持ち込みセットアップの他にも、2レース制の難しさは土曜日のレースにも出てくる。RAYBRIG NSX CONCEPT-GTの山本尚貴が話す。
「2レース制のリスクがあるとすれば、1点でも多くポイントがほしい状況で、土曜日に無理をしてクルマにトラブルやアクシデントが起きてしまったら日曜日に影響がある可能性があること。前に行かないといけないけど、いつものレースとは違って抑えないといけないバランス、気持ちの持って行き方は変わると思います。やっぱり流れは大事ですからね。日曜日に影響のある接触とかレースのリザルトになってしまうと、日曜日に立て直すこともできるけど、失ってしまうこともある。それが2レースの面白さでもあるし、怖さでもあると思います。それはスーパーフォーミュラの最終戦で2レースを経験しているドライバーなら、有利な部分もあるのかもしれないですね」
それでも山本は、2レース制をネガティブに捉えるドライバーはいないのでは、と推察する。
「GTでは初めての2レースのフォーマットになりますが、結局、速いクルマはどんなフォーマットでも前に来ると思っています。

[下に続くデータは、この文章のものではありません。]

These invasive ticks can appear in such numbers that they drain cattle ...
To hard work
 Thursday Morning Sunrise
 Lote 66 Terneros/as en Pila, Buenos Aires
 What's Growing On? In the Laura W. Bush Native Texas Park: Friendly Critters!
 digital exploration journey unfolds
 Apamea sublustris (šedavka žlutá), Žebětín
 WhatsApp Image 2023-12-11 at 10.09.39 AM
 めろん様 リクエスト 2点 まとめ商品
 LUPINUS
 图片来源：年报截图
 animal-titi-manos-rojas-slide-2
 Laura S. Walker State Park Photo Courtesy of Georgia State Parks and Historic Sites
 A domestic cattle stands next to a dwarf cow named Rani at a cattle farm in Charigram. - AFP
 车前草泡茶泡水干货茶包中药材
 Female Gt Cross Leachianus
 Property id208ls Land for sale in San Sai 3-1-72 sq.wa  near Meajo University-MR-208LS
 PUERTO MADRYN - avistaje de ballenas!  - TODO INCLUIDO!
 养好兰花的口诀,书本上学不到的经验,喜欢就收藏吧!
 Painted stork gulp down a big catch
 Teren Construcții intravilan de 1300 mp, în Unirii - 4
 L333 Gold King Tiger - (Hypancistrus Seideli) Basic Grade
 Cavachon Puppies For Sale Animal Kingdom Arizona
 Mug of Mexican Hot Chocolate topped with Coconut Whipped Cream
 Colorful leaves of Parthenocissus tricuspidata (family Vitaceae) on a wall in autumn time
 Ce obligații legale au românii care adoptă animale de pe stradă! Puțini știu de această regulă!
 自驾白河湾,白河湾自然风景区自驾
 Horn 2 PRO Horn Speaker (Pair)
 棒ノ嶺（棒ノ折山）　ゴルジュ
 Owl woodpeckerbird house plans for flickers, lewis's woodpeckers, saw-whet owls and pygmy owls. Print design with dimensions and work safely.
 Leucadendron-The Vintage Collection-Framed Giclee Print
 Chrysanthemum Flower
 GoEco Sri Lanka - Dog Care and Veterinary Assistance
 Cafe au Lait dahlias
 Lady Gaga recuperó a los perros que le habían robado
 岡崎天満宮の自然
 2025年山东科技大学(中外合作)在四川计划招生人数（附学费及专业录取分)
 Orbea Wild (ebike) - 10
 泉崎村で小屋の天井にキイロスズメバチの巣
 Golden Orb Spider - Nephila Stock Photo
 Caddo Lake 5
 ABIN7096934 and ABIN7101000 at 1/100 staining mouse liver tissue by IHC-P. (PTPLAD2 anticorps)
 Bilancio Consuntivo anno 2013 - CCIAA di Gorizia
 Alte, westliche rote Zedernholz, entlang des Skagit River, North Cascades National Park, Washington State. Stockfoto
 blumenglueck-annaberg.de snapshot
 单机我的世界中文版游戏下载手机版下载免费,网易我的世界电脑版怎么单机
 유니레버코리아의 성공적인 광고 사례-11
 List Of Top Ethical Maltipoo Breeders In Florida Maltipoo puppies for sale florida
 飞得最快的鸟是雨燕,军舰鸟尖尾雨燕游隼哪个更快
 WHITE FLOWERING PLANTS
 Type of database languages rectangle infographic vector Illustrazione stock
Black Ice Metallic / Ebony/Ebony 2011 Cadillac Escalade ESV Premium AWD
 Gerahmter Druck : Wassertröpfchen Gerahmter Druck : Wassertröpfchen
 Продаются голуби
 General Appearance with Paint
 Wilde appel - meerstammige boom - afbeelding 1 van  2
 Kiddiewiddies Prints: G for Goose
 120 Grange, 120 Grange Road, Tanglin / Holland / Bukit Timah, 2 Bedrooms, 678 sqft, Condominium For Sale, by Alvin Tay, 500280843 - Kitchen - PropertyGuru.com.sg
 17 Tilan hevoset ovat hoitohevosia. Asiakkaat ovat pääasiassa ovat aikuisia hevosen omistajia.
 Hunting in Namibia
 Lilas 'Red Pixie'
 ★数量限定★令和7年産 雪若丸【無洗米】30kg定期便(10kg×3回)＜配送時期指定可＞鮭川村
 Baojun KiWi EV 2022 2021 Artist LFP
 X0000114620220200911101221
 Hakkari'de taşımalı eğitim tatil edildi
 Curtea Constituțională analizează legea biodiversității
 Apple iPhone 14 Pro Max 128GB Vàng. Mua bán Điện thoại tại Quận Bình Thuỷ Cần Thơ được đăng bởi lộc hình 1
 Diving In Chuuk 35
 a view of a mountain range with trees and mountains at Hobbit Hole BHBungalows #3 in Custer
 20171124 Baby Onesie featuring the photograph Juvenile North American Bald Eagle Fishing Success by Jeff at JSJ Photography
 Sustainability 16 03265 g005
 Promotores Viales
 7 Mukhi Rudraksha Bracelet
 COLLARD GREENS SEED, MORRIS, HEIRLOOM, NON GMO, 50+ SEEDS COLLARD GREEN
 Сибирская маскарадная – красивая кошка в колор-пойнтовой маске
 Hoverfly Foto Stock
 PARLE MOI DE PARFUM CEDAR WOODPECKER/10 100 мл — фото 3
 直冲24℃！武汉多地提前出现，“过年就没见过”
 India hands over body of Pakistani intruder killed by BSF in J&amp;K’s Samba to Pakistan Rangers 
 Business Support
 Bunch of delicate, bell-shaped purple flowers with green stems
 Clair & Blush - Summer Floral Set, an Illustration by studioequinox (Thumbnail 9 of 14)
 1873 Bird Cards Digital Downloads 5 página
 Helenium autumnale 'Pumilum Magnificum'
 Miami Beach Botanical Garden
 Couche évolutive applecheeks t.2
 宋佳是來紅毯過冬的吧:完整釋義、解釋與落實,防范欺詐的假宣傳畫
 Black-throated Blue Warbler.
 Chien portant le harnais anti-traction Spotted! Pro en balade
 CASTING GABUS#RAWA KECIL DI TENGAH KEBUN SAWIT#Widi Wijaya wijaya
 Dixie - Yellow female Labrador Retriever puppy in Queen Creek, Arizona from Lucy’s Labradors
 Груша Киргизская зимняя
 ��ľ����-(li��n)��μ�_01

それは土曜日と日曜日でウエイトハンデが変わっても同じ。調子がいいクルマは2レースとも前に行けるチャンスがあるし、土曜日に調子が悪くても日曜日に立て直すことができる。だから、ドライバーとしてあまりネガティブに捉える人はいないんじゃないかなと思います。みんなポジティブに考えると思います」
現在ランキングトップのMOTUL GT-Rの松田次生も、2レースを戦うドライバーの心境を以下のように語る。
「1日に予選と決勝、両方を2日間やる難しさはあります。セットアップで新しいものを試すことができないし、土曜日のセッションでは日曜日を考えてあまり無理はできない。でも、無理ができないとはいえ、行くときは行かないといけないので、そこは普段のレースとあまり変わらないのかもしれません。とりあえず、軽い状態で走るのはウチは開幕戦以来なので、そこでちょっとビックリすることはあるかもしれませんね」
次生は第7戦タイでGT300のマシンと絡んでしまい、大クラッシュを引き起こしてしまった。ランキングリーダーでありながら、ここ数戦はアクシデントが多い。